A self-styled ideas forum hosted by the Climate Investment Funds and Asian Development Bank over the past two days sought to bring developing nations together to share lessons learned on climate change, though some yesterday questioned whether certain stumbling blocks were being overlooked.
The conference – set to conclude today – gathered 90 experts from 27 different countries with the aim of allowing government, private sector and civil society representatives from developing countries to discuss financial and technological solutions to the challenges of embracing renewable energy.

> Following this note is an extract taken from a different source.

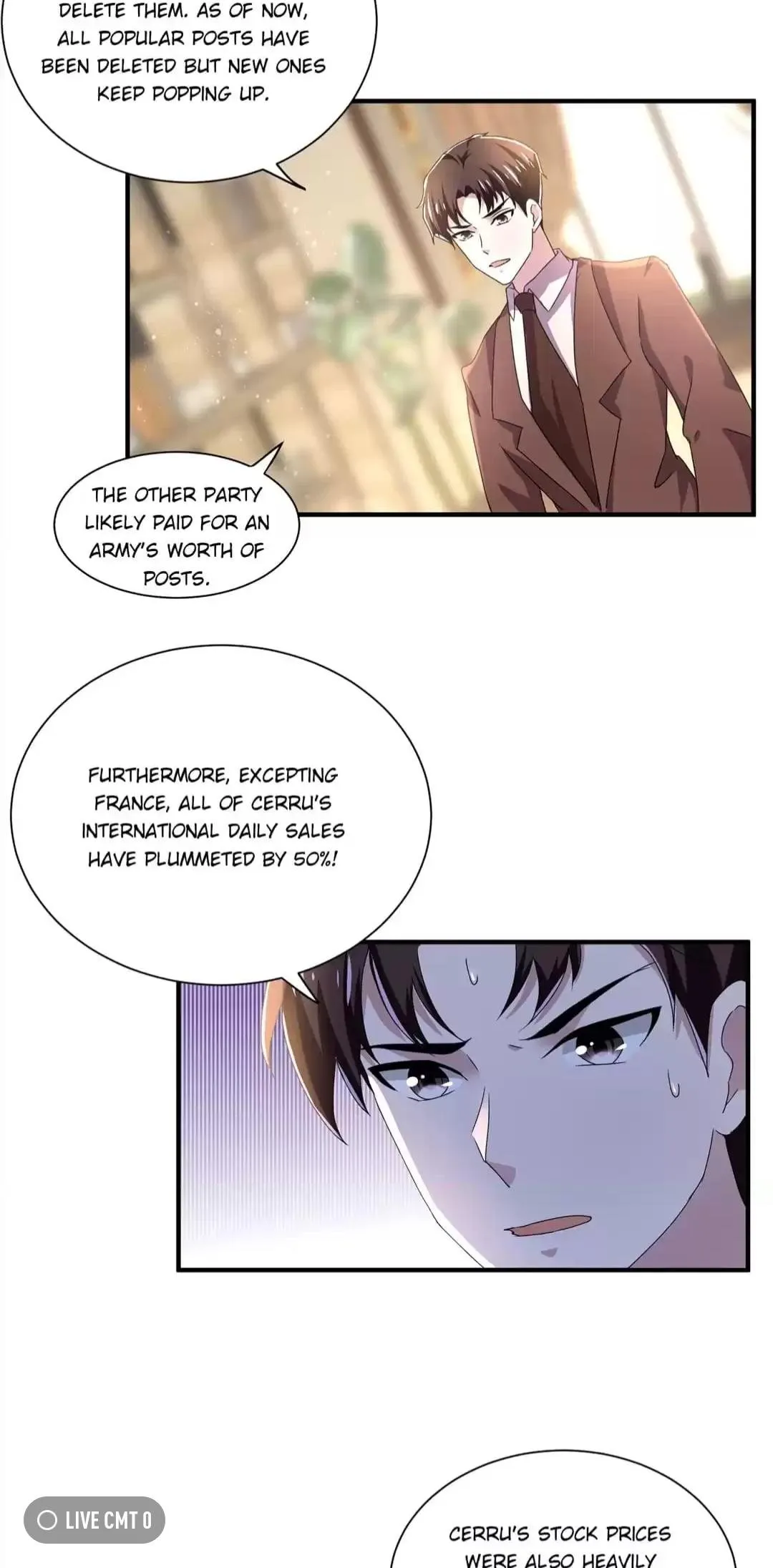 Chunqing Lushao Chapter 235 page 2 -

Zhizhong Zhang, a senior program director with CIF, said he believed that renewable resource technology – of the sort funding from organisations like the ADB can provide – will prove integral to Cambodia’s development and its ability to mitigate the effects of climate change. However, he acknowledged that short-term considerations – particularly a “need to lift people out of poverty quickly” – will continue to outweigh these goals for the foreseeable future.
But attendee Socheath Sou, director of Live and Learn Environmental Education Cambodia, said that while he found the conference’s emphasis on collaboration between banks and governments helpful, it did not address what he considered Cambodia’s greatest challenge: a severe knowledge gap.

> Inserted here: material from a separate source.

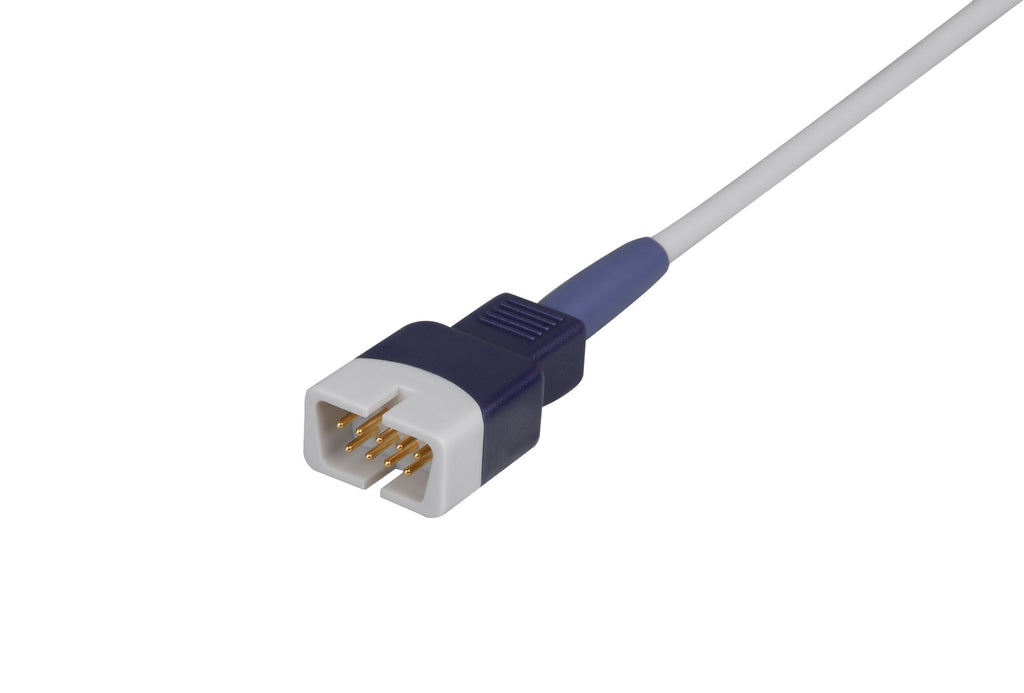 Nellcor spo2 sensor ds100a adult finger clip 1 0m nellcor oximax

“There is no capacity at all,” he said. “We know there are lots of channels of funding, but how many people can come up with proposals, investment plans, or actually design energy systems?”
Tin Ponlok, of the Ministry of Environment and the Cambodia Climate Change AllianceTrust Fund Secretariat, meanwhile, argued that the knowledge gap extended even further, to a “lack of reliable research on how climate change will affect communities, how it will change forestry, fisheries, and agriculture”.